_WORK TASK_
Return each line of the records with nothing changed, pictures excepted.

____

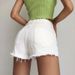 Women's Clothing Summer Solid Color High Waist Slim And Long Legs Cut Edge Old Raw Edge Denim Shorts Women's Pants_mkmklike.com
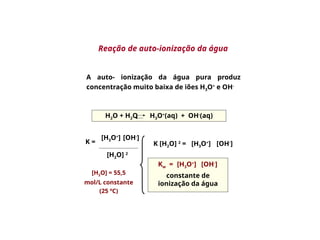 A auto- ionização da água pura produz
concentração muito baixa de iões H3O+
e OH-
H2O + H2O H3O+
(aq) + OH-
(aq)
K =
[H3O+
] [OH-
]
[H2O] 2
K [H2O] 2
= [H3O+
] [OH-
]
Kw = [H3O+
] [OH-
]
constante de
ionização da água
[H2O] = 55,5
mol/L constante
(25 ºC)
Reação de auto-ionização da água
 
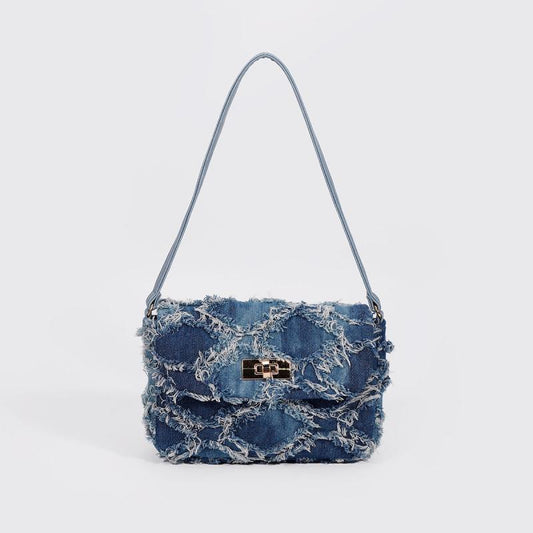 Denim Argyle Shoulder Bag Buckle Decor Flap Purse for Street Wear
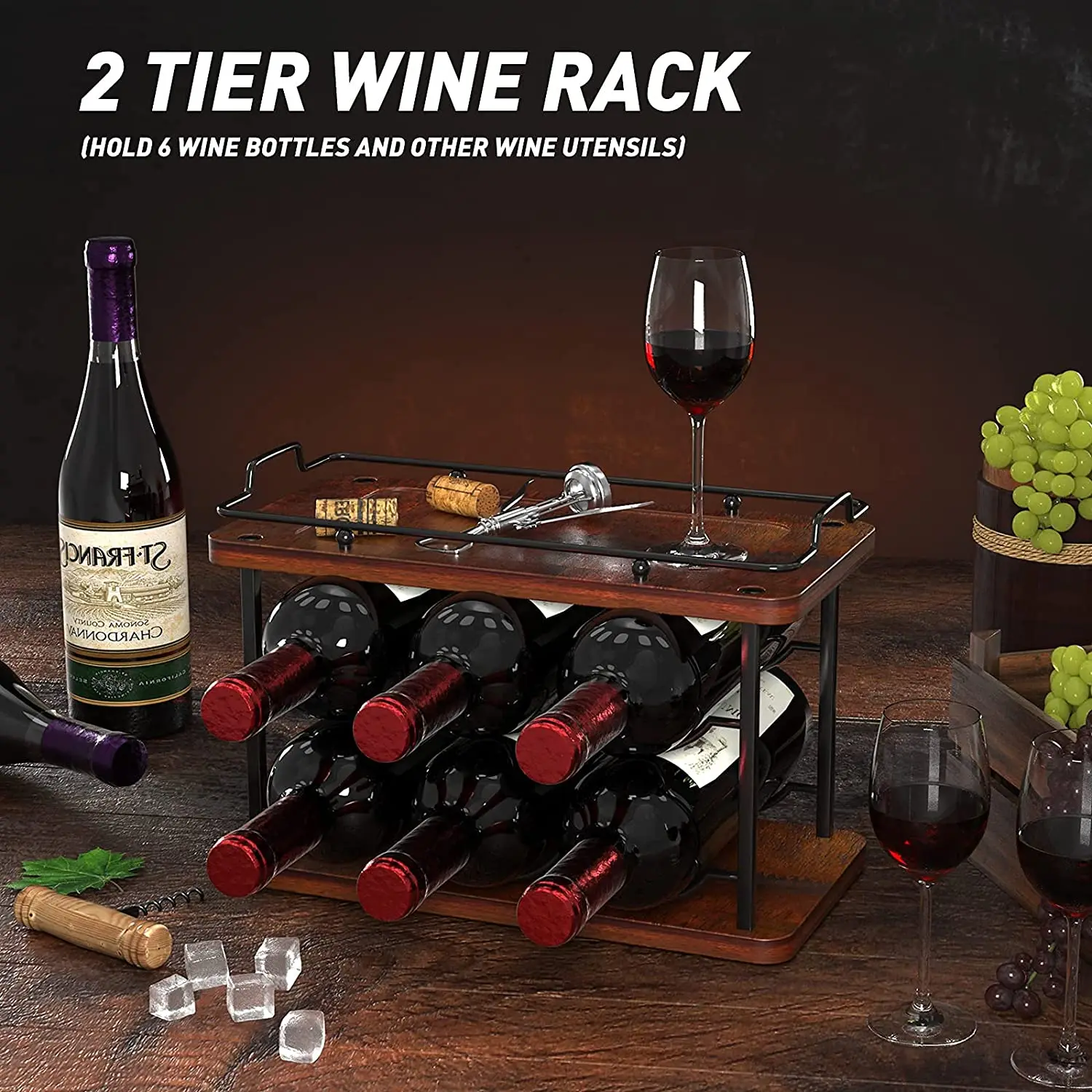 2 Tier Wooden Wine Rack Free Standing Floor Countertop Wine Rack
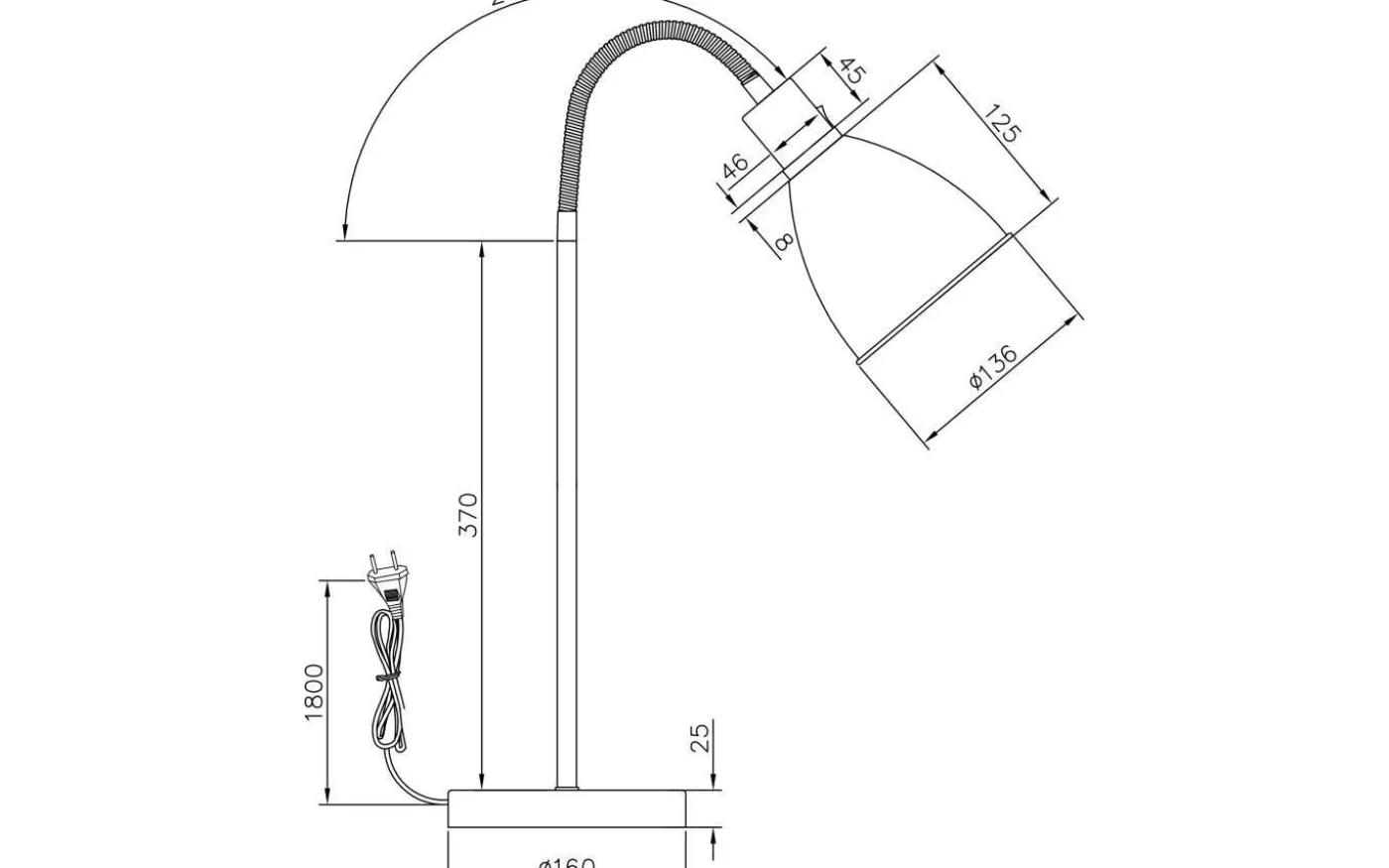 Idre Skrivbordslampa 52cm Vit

____

_SOLUTION FOR THIS EXERCISE_
 Women's Clothing Summer Solid Color High Waist Slim And Long Legs Cut Edge Old Raw Edge Denim Shorts Women's Pants_mkmklike.com
 A auto- ionização da água pura produz
concentração muito baixa de iões H3O+
e OH-
H2O + H2O H3O+
(aq) + OH-
(aq)
K =
[H3O+
] [OH-
]
[H2O] 2
K [H2O] 2
= [H3O+
] [OH-
]
Kw = [H3O+
] [OH-
]
constante de
ionização da água
[H2O] = 55,5
mol/L constante
(25 ºC)
Reação de auto-ionização da água
 
 Denim Argyle Shoulder Bag Buckle Decor Flap Purse for Street Wear
 2 Tier Wooden Wine Rack Free Standing Floor Countertop Wine Rack
 Idre Skrivbordslampa 52cm Vit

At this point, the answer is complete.